[Data extracts Boundary: Start]

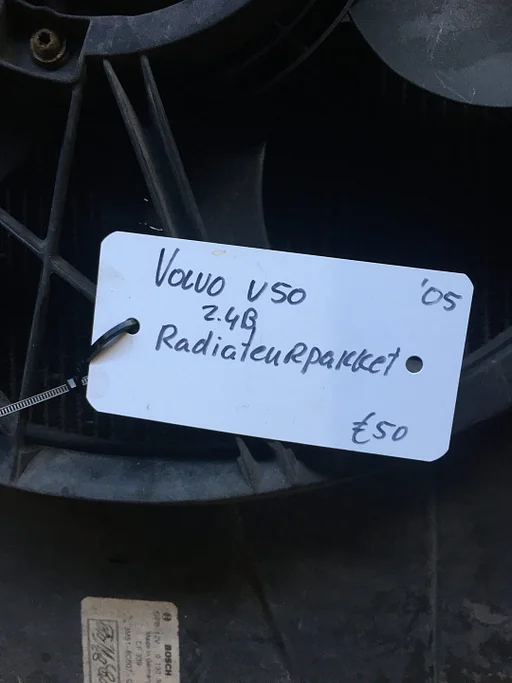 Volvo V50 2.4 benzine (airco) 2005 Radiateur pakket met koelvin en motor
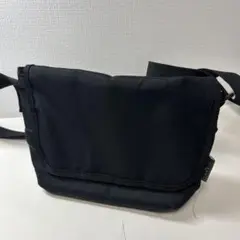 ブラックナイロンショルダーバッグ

[Data extracts Boundary: End]
[Data extracts Boundary: Start]

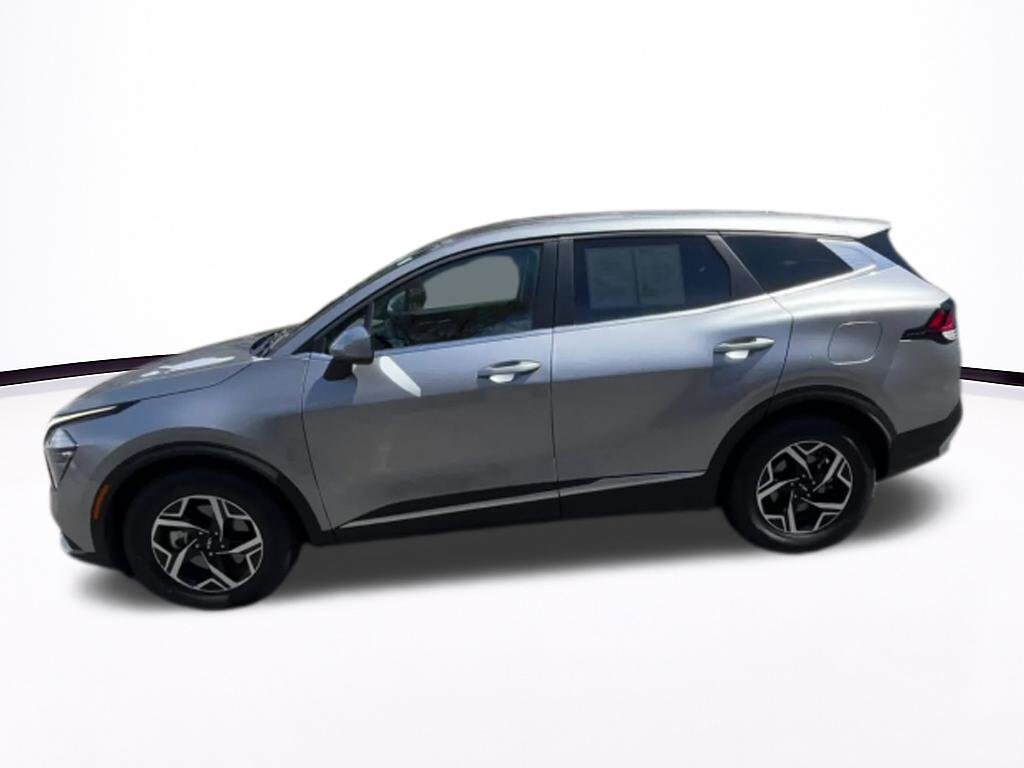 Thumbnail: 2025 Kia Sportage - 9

[Data extracts Boundary: End]
[Data extracts Boundary: Start]

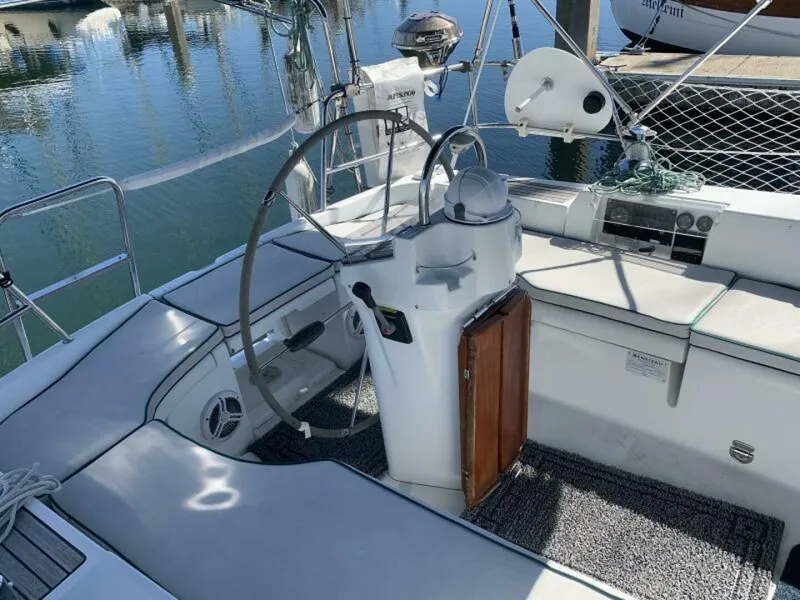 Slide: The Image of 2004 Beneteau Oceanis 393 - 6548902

[Data extracts Boundary: End]

Set the pictures aside and retype exactly the lines above from the line with "Volvo V50 2.4" to the line with "ブラックナイロンショルダーバッグ", both included, adding no others.

 Volvo V50 2.4 benzine (airco) 2005 Radiateur pakket met koelvin en motor
 ブラックナイロンショルダーバッグ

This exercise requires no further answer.